In this case, Plaintiffs challenge a decision of the Beverly Board of Appeals (Board), in which it upheld an action of the Building Commissioner (Commissioner). The dispute began when Plaintiff Michael Harrington requested that the Commissioner enforce a provision of the Beverly Zoning Ordinance against Rachel M. Thompson, the owner of property at 18 Bay View Avenue (Thompson Property). In his request to the Commissioner, Mr. Harrington alleged that the Thompson Property was in violation of a front yard setback requirement of the Ordinance. The Commissioner refused to enforce the request and Mr. Harrington brought an appeal to the Board. Plaintiffs commenced this action on May 29, 2009, pursuant to G. L. c. 40A, § 17, to appeal the Boards decision. On June 18, 2009, Defendant Trust filed its Answer and on August 24, 2009, it filed a Motion for Summary Judgment. Plaintiffs opposed this motion through a written opposition filed on September 22, 2009, and cross-moved for summary judgment.
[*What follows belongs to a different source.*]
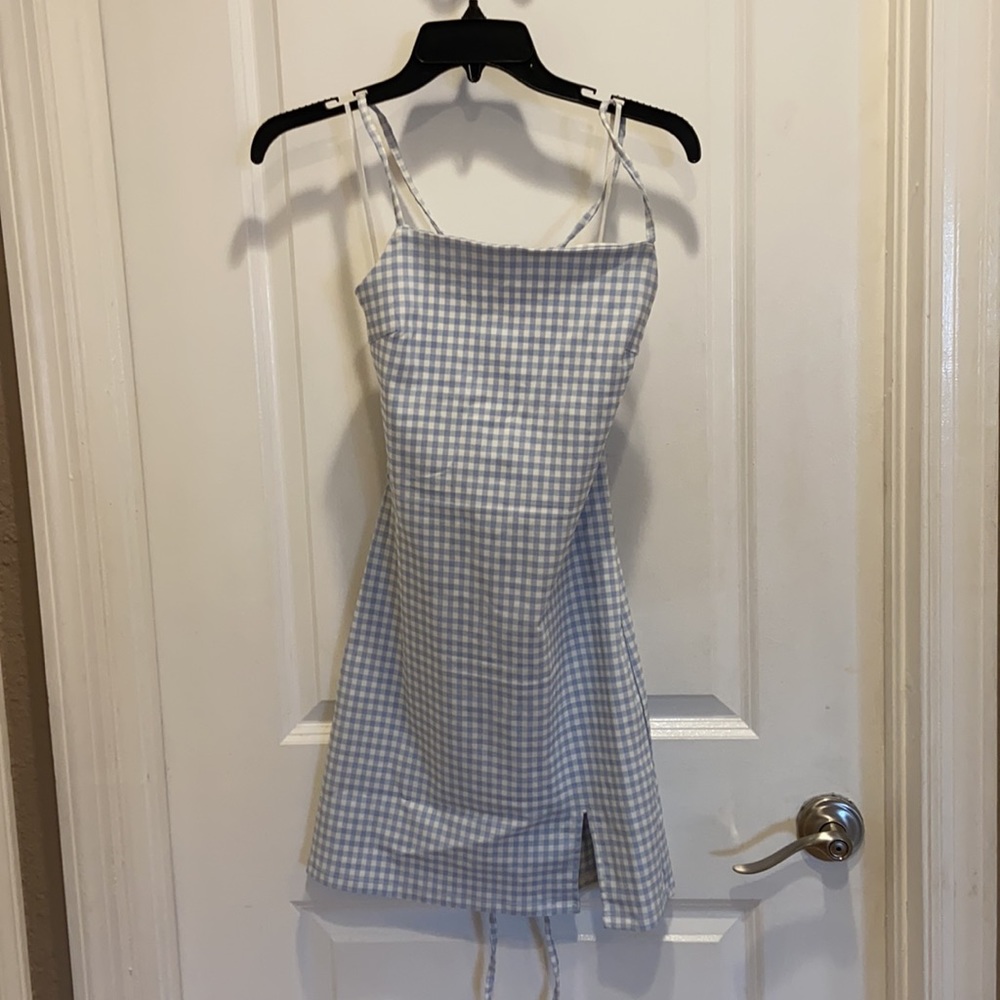 Blue and white plaid mini dress with tie back/ thigh slit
A hearing was held on September 30, 2009, at which all parties were heard and Plaintiffs and Defendant Trust submitted supplemental briefs on or before October 14, 2009, as they were invited to do by the court. The summary judgment record establishes the following:
1. Plaintiff Michael Harrington resides at 7 Bay View Avenue (Harrington Property). Record title to the Harrington Property is in Plaintiff Dorothy Harrington, Michael Harringtons wife.
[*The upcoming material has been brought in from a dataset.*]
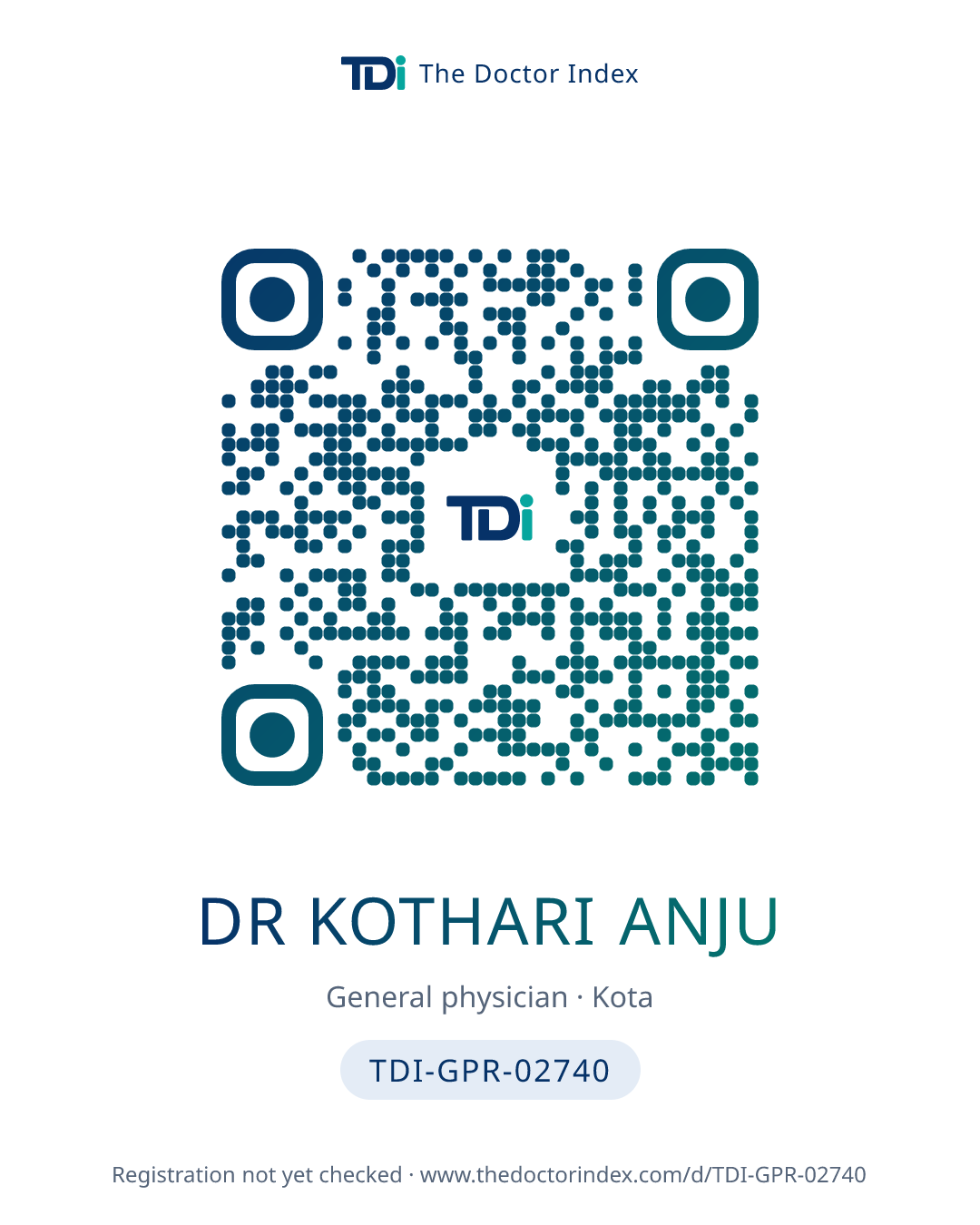 QR card for Dr Kothari Anju, TDI-GPR-02740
2. On November 18, 2008, the Beverly Planning Board endorsed an approval-not- required plan titled Plan of Land 14, 16 & 18 Bay View Avenue Beverly, MA, dated October 23, 2008, recorded with the Essex South Registry of Deeds in Plan Book 417, as Plan 24 (ANR Plan). The ANR Plan created a lot designated Parcel Z within the Thompson Property.
3. One of the purposes of the ANR Plan was to facilitate the removal of Parcel Z from the improved Thompson Property, so that it could be transferred and added to the adjacent lot at 16-B Bay View Avenue, owned by Defendant Trustees of the Elmtop Realty Trust (Trust Property), while adding a Parcel Y to the Thompson Property, also shown on the ANR Plan.
4. On January 5, 2009, Plaintiff Michael Harrington submitted a request for zoning enforcement to the Commissioner pursuant to G. L. c. 40A, § 7, asserting that the conveyance of Parcel Z as depicted on the ANR Plan resulted in a violation of the Beverly Zoning Ordinance (Ordinance) because the conveyance left the Thompson Property non-compliant with the twenty-foot front yard setback applicable in the R-10 Residential Zoning District.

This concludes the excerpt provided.